Les universitaires estiment que cette empreinte écologique est telle que personne ne peut prétendre que l'IA générative soit compatible avec les grands engagements internationaux comme l'accord de Paris sur le climat, ni avec la protection du vivant en général.

Deuxièmement, les dégâts sociaux amplifiés : le collectif met en lumière les lourds dégâts sociaux associés à ce système. Ils pointent du doigt le travail du clic effectué par des travailleurs précaires qui réalisent, derrière leurs écrans, des tâches ingrates de production, d'annotation et de tri des données. Cette précarisation numérique renforce les inégalités sociales.

Troisièmement, la concentration du pouvoir : les signataires s'opposent farouchement à ce que des mégafirmes comme OpenAI et les Gafam (Google, Apple, Facebook, Amazon et Microsoft) accumulent un pouvoir démiurgique. Ils dénoncent sans ambages leurs projets mégalomaniaques, eugénistes, et leur détestation de la démocratie.

Un sentiment de malaise partagé par la communauté académique

Olivier Lefebvre, doctorant en sciences sociales à l'université Toulouse-Jean-Jaurès, explique la démarche : On s'autorise ce retrait pour s'organiser et discuter avec les étudiants lors de nos cours. Le point de départ a été notre sentiment de malaise face à la déferlante. Nous étions comme noyés sous l'injonction à utiliser l'IA, à s'y former ou à former soi-même des étudiants à cette technologie.

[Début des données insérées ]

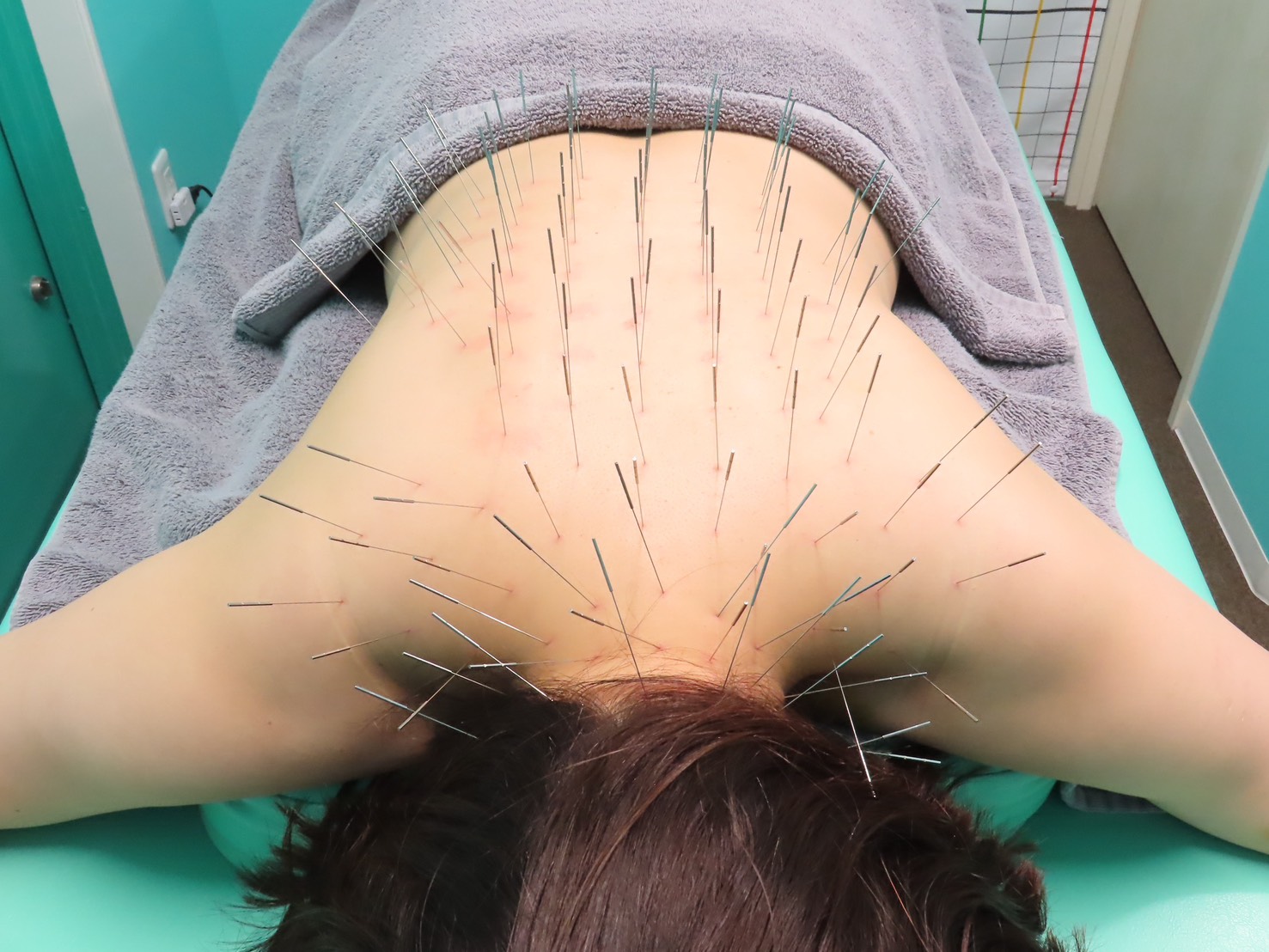 高宮レディース鍼灸整骨院 鍼施術(ルート鍼)60分のメニュー画像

Le tout comme allant de soi.

Ce mouvement d'objection de conscience académique représente une prise de position radicale face à l'accélération technologique. Il interroge profondément la place que doit occuper l'intelligence artificielle dans les lieux de savoir et de transmission des connaissances, tout en soulignant les contradictions entre innovation technologique et impératifs écologiques et sociaux.